I pause before explaining to her, "Aww mom don't say that. I knew you loved us; you use to do all sorts of great stuff for us when we were kids."

"I know I did, it's nice to hear you being appreciative every once in a while", my mom says while smiling. Honestly, I don't know when my mom is joking or being serious with me. However, people have told me I am like that as well, but I don't want to continue it, so I just smile back.

"That's the smile you use to do when you were a kid, you should smile more often, Selly. It makes you look less uptight", she tells me. My smile goes away, and I feel my face go red, "Not you too!", I say, "I hate it when Daniel tells me that."

She laughs and says, "He's right you know. You have such a pretty smile…" Her telling me that makes me feel nice. My mom leans in closer to the table and says like she is telling a secret, "By the way, are you two still fighting?"

"No. I said sorry to him yesterday", I tell her.

"Thats good, Selly, but you should've waited for him to say sorry. It's only normal for the man to apologize to his significant other", she confides with me.

"Trust me. I wanted to but I just missed hearing him talk", I say.

She sits back in her chair and say, "You're so weird, Selly… Sometimes I don't know what you are thinking when it comes to that boy."

"I can't get a grasp on how I think about him too, sometimes he's the man of my dreams and he's the only thing I look forward to in the day. Other times, I can't stand the stupid look on his face or his passive attitude", I say to her.

"Hm", my mom hums while putting her finger to her chin to think.

I continued, "Beyond that, I do enjoy being with him, the problem is that I don't know how to tell him he's the most important thing in my life… well besides the baby."

"What do you mean?"

"I still… sort of… have a hard time telling him… that I love him."

My mom looks at me with a dumbfounded face and says, "Selma Are you serious… just tell him that you love him you Idiot!"

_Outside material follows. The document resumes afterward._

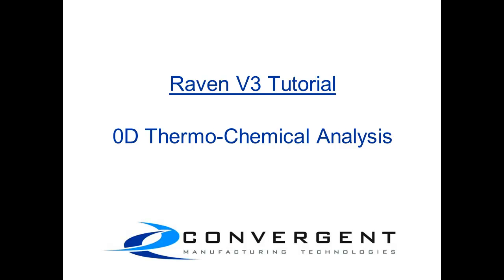Hello and welcome to this Raven version 3 tutorial. In this video tutorial I will demonstrate how to perform a 0D thermochemical analysis of a composite material during its manufacturing cycle.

"I want it to be as simple as that, I really do… but I find myself struggling to just say a compliment to him. The more I struggle with myself, the more I get frustrated…"I can see my mom's face confusion change to worry, "… and the more I take it out on him."

We both share a moment of silence.

"Do you have any ideas as to why you feel this way?", she asks me.

I explain, "No. I don't have a clue. Still, it wouldn't give me an excuse to be a bitch to the man I love if I did find one."

My mom stays quiet and says in a quiet voice, "Have you ever thought that maybe you two… weren't meant for each other?"

I stay quiet and confused, why would my mom say something like that. I mean I do love him, but I just can't wrap around my head as to why I feel this way.